Nothing but the records themselves, exactly as written, should appear in the reply; leave out the pictures.

[[ Exercise input open ]]

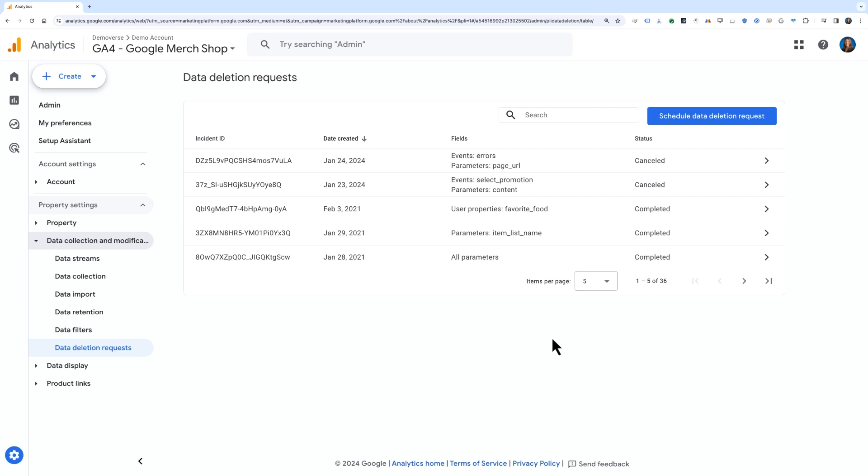Then the request can take between seven and 63 days to be processed, depending on the amount of data to be deleted. You can also use the data deletion API to create and manage these deletion requests. Note that Google Analytics doesn't log or store individual IP addresses, so you don't need to request this data be deleted as it is not collected or stored.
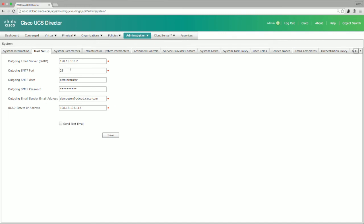You also have the outgoing SMTP port, which is port 25. This is standard. If you had something different in your environment, you would have the ability to modify this.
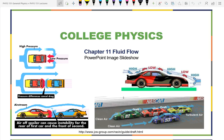Today we're going to be talking about fluid flow. I've got pictures here — this one comes from NASCAR's website. Fluid flow is really significant for car racing.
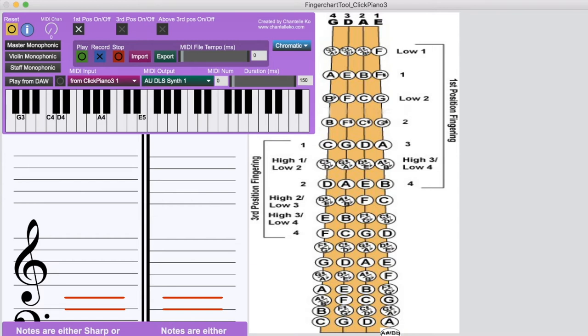Hello everybody! In this video I'm going to talk about the new features that I have added to my violin finger chart desktop application.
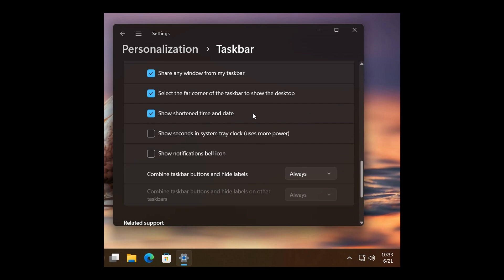So here we can see, and this was spotted by the way by Phantom of Earth once again over on X, with show shortened time and date toggled on. There we go. It just shows the time and a short date without the year.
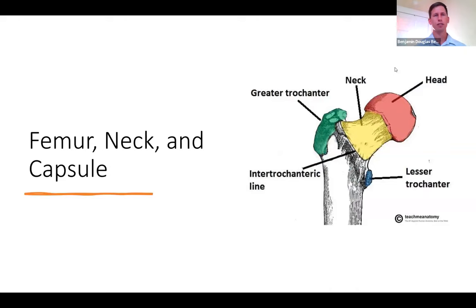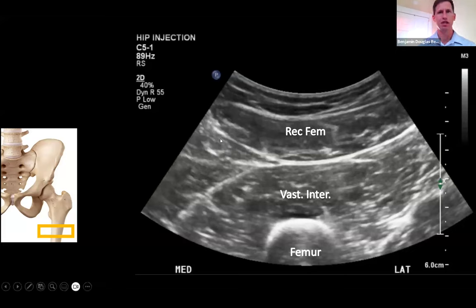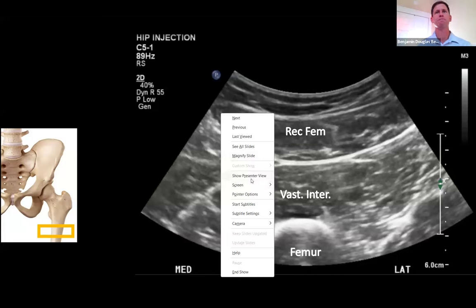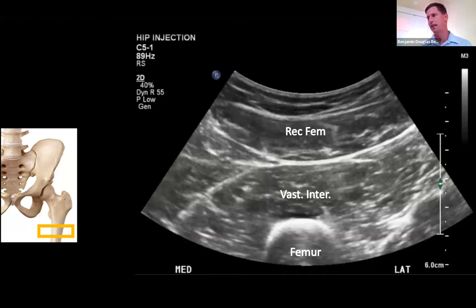The first structures we're going to look at are the femur, the neck, and the capsule. I start my scan in the proximal thigh, place down the probe, and spend some time adjusting gain, depth, and focus. Then I begin to scan cranially, looking for the architecture of the muscles, making sure there are no disruptions, and take a look at the femur to ensure there are no irregularities or masses on the bone itself.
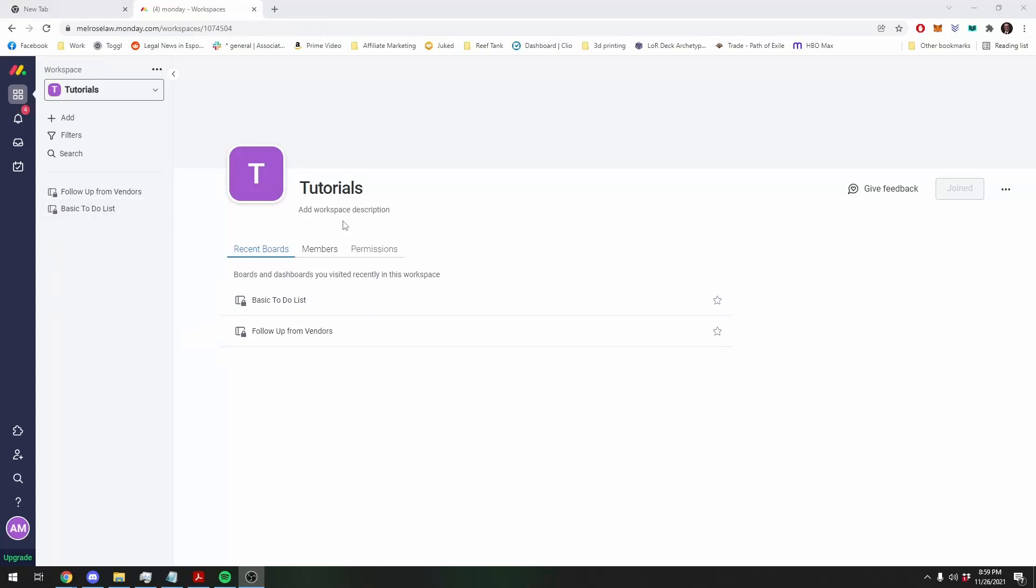Good evening, Adam here with a very quick tutorial from Monday.com on how to do recurring tasks.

[[ Exercise input closed ]]

# Task result
Then the request can take between seven and 63 days to be processed, depending on the amount of data to be deleted. You can also use the data deletion API to create and manage these deletion requests. Note that Google Analytics doesn't log or store individual IP addresses, so you don't need to request this data be deleted as it is not collected or stored.
You also have the outgoing SMTP port, which is port 25. This is standard. If you had something different in your environment, you would have the ability to modify this.
Today we're going to be talking about fluid flow. I've got pictures here — this one comes from NASCAR's website. Fluid flow is really significant for car racing.
Hello everybody! In this video I'm going to talk about the new features that I have added to my violin finger chart desktop application.
So here we can see, and this was spotted by the way by Phantom of Earth once again over on X, with show shortened time and date toggled on. There we go. It just shows the time and a short date without the year.
The first structures we're going to look at are the femur, the neck, and the capsule. I start my scan in the proximal thigh, place down the probe, and spend some time adjusting gain, depth, and focus. Then I begin to scan cranially, looking for the architecture of the muscles, making sure there are no disruptions, and take a look at the femur to ensure there are no irregularities or masses on the bone itself.
Good evening, Adam here with a very quick tutorial from Monday.com on how to do recurring tasks.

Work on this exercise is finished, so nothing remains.